What needs to be done:
Among the entries below, one stretch runs from the line that contains "ELLE Casque De" through the line that contains "TORQUE DRIVE ASSY". Repeat that stretch exactly, ends included, and only that.

(Short text fragments from websites)

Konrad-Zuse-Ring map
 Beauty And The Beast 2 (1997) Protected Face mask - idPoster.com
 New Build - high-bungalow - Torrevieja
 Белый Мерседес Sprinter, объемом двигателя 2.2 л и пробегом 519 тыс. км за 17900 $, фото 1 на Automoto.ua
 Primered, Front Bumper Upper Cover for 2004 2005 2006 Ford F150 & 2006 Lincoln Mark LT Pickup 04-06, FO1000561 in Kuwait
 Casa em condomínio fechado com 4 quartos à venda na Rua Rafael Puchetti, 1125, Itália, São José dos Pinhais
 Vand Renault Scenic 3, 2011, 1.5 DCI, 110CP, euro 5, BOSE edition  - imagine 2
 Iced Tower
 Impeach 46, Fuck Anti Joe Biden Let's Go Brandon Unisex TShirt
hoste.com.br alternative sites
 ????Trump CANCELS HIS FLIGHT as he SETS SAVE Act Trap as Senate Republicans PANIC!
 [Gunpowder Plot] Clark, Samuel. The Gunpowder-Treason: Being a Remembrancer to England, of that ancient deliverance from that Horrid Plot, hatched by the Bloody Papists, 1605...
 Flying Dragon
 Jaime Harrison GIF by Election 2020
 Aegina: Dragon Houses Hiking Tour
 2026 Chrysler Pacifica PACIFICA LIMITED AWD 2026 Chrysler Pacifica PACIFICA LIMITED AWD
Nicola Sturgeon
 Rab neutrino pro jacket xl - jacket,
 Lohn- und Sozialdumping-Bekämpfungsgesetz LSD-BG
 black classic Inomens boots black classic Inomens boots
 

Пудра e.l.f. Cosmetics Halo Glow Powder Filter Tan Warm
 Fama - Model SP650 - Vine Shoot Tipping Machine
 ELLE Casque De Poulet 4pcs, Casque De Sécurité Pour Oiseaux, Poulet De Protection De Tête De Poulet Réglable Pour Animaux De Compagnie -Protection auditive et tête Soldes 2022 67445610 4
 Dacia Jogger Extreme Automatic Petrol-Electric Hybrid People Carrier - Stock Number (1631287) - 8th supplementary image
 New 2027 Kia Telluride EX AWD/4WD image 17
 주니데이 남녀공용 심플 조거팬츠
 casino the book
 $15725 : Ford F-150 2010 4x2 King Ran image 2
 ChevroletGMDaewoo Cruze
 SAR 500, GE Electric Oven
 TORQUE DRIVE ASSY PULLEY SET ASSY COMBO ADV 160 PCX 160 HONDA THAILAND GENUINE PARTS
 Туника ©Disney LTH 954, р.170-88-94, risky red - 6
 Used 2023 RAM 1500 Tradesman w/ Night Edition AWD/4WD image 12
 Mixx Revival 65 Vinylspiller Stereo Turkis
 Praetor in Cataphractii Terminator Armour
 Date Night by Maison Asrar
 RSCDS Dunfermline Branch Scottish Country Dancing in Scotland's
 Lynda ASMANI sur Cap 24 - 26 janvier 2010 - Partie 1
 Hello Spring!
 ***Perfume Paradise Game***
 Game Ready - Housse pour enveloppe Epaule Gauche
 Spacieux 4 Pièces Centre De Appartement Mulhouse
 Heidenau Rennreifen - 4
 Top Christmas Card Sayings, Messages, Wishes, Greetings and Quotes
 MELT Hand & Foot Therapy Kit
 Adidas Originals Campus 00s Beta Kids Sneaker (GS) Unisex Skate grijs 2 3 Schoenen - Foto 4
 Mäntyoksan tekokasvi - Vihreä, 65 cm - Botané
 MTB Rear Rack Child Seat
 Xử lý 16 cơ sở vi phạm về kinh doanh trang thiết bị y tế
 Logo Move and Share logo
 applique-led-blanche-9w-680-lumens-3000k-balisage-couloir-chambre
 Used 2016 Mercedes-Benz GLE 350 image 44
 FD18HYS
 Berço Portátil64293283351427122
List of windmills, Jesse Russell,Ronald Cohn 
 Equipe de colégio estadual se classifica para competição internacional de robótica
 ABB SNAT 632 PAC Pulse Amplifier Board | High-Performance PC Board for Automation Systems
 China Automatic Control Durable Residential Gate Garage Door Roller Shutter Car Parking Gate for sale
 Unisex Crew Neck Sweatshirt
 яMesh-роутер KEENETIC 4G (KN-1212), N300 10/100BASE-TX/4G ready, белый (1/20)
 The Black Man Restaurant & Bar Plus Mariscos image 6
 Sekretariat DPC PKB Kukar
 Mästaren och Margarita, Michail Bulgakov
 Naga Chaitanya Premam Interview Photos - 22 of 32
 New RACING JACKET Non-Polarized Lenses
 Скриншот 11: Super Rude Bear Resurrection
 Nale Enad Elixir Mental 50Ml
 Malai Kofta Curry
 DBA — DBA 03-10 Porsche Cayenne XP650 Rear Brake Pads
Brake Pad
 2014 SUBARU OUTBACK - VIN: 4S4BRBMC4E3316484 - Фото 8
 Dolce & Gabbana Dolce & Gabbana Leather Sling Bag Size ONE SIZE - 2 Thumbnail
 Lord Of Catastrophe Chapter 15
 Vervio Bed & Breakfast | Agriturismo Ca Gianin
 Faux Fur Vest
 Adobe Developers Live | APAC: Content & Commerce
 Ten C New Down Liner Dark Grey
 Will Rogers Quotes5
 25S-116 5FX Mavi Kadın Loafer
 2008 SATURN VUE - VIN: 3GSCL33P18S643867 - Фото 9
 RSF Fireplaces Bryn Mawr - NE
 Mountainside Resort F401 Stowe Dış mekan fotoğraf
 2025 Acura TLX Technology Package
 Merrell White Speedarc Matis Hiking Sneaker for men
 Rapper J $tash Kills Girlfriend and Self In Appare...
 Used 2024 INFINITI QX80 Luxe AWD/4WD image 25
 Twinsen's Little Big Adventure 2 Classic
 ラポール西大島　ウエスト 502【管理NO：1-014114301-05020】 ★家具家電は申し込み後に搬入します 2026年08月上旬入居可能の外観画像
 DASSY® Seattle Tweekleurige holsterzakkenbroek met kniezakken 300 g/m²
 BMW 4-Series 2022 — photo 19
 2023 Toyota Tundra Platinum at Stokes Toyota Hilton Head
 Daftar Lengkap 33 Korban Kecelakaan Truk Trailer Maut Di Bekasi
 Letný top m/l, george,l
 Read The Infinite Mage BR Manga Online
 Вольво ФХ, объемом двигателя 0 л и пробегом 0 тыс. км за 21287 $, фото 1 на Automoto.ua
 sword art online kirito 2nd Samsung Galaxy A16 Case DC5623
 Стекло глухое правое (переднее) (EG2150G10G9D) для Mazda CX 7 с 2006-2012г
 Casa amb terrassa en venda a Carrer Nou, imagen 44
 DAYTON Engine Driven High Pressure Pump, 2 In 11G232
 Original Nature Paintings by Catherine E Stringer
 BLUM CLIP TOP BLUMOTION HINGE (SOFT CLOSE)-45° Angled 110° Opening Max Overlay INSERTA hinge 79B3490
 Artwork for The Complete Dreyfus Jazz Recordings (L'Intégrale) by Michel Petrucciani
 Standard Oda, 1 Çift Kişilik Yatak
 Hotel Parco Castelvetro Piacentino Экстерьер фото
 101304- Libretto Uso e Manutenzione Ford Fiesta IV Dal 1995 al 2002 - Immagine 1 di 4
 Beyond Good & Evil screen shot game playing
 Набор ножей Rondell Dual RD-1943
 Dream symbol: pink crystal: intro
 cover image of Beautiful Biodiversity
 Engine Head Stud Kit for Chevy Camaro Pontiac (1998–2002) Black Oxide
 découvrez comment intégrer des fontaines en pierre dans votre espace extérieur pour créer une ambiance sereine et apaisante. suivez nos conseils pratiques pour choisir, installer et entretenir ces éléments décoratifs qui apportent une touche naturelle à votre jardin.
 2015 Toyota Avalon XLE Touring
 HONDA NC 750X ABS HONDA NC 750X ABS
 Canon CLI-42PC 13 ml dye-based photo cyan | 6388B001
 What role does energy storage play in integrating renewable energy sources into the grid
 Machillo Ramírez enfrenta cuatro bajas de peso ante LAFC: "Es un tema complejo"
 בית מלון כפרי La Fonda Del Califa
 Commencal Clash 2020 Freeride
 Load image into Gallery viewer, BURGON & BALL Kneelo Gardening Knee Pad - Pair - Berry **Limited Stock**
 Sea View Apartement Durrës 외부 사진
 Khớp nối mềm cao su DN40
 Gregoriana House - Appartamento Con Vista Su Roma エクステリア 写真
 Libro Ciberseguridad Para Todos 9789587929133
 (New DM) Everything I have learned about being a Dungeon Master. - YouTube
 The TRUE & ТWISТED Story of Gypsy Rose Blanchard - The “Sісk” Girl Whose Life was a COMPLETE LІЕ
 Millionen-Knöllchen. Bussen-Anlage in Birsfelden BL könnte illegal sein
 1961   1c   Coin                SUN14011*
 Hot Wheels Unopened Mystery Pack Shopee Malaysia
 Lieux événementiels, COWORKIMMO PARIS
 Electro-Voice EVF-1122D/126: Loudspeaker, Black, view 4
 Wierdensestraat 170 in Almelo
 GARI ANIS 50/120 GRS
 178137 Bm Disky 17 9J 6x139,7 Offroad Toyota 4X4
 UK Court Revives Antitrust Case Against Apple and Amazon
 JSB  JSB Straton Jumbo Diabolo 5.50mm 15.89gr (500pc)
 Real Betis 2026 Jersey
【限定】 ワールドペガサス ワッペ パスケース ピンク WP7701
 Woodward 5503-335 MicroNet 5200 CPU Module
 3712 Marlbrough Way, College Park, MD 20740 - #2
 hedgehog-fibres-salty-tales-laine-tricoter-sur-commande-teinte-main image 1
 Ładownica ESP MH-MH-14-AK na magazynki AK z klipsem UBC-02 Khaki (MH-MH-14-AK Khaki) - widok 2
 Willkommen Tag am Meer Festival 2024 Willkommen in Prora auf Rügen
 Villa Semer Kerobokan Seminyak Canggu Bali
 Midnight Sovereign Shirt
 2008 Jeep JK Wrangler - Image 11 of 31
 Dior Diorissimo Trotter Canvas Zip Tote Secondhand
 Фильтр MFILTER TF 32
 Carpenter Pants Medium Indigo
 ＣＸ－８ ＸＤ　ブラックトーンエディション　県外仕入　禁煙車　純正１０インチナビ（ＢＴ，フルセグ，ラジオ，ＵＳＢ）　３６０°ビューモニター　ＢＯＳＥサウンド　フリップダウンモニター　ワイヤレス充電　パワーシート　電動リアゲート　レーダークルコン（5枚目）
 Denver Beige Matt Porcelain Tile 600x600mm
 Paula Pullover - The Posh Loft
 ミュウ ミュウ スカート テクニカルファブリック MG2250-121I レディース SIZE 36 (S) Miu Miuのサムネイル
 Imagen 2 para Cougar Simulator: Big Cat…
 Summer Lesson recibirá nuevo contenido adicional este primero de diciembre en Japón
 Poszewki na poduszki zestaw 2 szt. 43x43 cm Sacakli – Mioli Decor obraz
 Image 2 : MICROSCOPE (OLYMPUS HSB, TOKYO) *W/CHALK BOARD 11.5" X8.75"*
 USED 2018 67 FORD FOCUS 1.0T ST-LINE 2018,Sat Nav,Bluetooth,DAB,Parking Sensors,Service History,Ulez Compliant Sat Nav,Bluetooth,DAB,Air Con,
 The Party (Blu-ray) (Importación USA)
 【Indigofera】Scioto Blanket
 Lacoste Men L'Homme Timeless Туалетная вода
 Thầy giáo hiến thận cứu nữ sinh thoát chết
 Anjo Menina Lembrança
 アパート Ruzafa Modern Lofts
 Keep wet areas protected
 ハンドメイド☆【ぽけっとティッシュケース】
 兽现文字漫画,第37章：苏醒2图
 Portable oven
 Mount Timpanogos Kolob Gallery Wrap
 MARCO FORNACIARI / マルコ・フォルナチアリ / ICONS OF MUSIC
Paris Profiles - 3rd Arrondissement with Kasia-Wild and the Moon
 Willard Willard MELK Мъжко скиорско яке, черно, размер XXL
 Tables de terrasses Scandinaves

Result for this task:
 ELLE Casque De Poulet 4pcs, Casque De Sécurité Pour Oiseaux, Poulet De Protection De Tête De Poulet Réglable Pour Animaux De Compagnie -Protection auditive et tête Soldes 2022 67445610 4
 Dacia Jogger Extreme Automatic Petrol-Electric Hybrid People Carrier - Stock Number (1631287) - 8th supplementary image
 New 2027 Kia Telluride EX AWD/4WD image 17
 주니데이 남녀공용 심플 조거팬츠
 casino the book
 $15725 : Ford F-150 2010 4x2 King Ran image 2
 ChevroletGMDaewoo Cruze
 SAR 500, GE Electric Oven
 TORQUE DRIVE ASSY PULLEY SET ASSY COMBO ADV 160 PCX 160 HONDA THAILAND GENUINE PARTS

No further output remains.